# Mother Earth News or Grit Magazine?



## mama2cntrykids (Jan 1, 2013)

If you could only choose a subscription to ONE of these, which one would it be and WHY?

I'm trying to choose, but having a hard time.


----------



## enchantedgoats (Jun 2, 2013)

i didnt know grit was still in business! i"m excited! i guess you know my answer. i was a die hard mother earth fan for many years. so if your interests are more farm related then go with mother earth. grit is (or at least was) a little more rounded.


----------



## mama2cntrykids (Jan 1, 2013)

enchantedgoats said:


> i didnt know grit was still in business! i"m excited! i guess you know my answer. i was a die hard mother earth fan for many years. so if your interests are more farm related then go with mother earth. grit is (or at least was) a little more rounded.
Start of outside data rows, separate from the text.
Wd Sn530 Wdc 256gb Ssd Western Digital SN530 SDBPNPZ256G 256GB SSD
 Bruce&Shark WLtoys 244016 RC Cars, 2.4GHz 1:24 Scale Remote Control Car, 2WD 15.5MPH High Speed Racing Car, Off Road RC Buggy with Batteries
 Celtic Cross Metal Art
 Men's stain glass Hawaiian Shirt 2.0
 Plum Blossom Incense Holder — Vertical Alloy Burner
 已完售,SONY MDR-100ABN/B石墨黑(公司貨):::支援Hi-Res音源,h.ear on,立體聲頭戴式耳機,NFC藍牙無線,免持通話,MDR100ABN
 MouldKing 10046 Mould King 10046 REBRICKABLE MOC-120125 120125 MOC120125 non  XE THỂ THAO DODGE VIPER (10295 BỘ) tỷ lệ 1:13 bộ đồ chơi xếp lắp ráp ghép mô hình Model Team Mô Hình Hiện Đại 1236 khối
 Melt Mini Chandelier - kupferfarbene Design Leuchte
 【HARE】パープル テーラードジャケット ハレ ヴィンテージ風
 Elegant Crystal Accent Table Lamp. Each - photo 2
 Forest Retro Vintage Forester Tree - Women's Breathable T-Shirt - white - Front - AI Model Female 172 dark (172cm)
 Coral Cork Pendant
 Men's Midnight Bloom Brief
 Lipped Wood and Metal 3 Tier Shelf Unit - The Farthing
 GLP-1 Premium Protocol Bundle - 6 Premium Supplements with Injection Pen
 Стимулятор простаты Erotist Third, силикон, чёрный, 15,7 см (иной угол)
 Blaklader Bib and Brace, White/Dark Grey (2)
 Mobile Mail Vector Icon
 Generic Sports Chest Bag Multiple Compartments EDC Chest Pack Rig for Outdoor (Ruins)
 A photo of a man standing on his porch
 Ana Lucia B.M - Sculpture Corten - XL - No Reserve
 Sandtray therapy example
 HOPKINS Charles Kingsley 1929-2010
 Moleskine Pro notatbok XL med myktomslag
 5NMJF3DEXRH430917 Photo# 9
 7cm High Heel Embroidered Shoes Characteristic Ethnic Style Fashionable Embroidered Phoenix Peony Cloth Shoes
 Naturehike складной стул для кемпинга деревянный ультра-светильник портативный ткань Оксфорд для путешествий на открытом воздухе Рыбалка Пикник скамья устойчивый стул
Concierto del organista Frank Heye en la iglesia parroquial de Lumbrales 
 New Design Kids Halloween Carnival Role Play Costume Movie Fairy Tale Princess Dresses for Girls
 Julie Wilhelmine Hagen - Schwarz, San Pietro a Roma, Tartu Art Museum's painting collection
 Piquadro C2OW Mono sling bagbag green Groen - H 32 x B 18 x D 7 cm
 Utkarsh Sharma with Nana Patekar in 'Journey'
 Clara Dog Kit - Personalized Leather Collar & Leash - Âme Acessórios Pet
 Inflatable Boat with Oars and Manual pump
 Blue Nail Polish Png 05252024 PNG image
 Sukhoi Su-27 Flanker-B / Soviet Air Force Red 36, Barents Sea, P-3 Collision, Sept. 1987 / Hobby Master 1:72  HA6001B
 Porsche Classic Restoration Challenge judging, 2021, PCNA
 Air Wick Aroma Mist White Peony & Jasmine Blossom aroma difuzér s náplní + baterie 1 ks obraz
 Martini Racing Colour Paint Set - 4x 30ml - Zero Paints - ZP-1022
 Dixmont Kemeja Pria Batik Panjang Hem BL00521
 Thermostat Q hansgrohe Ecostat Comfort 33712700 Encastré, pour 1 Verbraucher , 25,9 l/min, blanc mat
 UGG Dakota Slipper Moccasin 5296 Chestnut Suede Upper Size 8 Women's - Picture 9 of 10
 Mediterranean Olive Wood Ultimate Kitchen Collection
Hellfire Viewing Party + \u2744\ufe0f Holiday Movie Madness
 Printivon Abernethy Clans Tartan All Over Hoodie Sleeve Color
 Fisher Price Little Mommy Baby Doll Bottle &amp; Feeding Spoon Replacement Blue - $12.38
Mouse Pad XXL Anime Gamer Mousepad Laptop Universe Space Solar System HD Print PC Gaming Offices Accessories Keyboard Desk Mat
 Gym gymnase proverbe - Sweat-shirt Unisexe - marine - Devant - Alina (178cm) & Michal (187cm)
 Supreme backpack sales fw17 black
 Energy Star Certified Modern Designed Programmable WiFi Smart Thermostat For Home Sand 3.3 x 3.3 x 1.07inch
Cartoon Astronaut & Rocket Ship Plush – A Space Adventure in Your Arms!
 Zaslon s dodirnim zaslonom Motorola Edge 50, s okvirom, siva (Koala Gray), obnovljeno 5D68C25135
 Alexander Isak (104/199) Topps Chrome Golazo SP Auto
Yep, it's still in business! Thanks for your input.

Anyone else care to chime in?


----------



## canthavejust1 (Oct 12, 2012)

I just got the newest Mother Earth News after a couple years without...not super impressed. I'm gonna cancel and get grit 
Grit seems like more all over farming. Mother Earth News didnt have much in the way of livestock info. Mostly gardening stuff


----------



## mama2cntrykids (Jan 1, 2013)

canthavejust1 said:


> I just got the newest Mother Earth News after a couple years without...not super impressed. I'm gonna cancel and get grit
> Grit seems like more all over farming. Mother Earth News didnt have much in the way of livestock info. Mostly gardening stuff


Ok, I think that I will go with Grit then. Thanks!


----------



## clearwtrbeach (May 10, 2012)

I like both, but over the years mother earth has a lot of basically repeated articles, plus you can see quite a bit online.


----------



## .:Linz:. (Aug 25, 2011)

We just started getting Grit, and I really like it. My library has copies of Mother Earth News so I usually check them out there - yours might too, then you could get the best of both worlds!


----------



## NubianFan (Jun 3, 2013)

I didn't know Grit was still in business either! My dad sold these as a kid if it is the same thing. He walked to sell them. He called it the Grit paper though, I am definitely going to ask him if it is the same thing and if it is he is getting a subscription to it from me!


----------



## canthavejust1 (Oct 12, 2012)

They showed pics of little delivery boys delivering grit back in the day  you know its a good publication if its still in print today!! 
You can buy 43 years of mother earth news on dvd or cd for $40 1970-2012. Kinda neat


----------



## NubianFan (Jun 3, 2013)

My dad is 82! He sold these when he was a little boy. I would say younger than 12. Because he drove to Michigan in a Model A when he was 15 to pick apples and send the money back to his dad and mom and younger siblings. He told me stories about walking to sell the Grit paper. I just ordered him a subscription, it is the same paper/magazine. He told me when I asked about it, "It was out of Kansas, but I haven't seen one in years" sure enough this is out of Topeka, Kansas. I told him well it is a magazine now. He said "I'd like to see one", He doesn't know I have ordered him a subscription. Let it be a surprise for him!  woohoo I am excited about this! Thank you to the original poster for bringing it up!


----------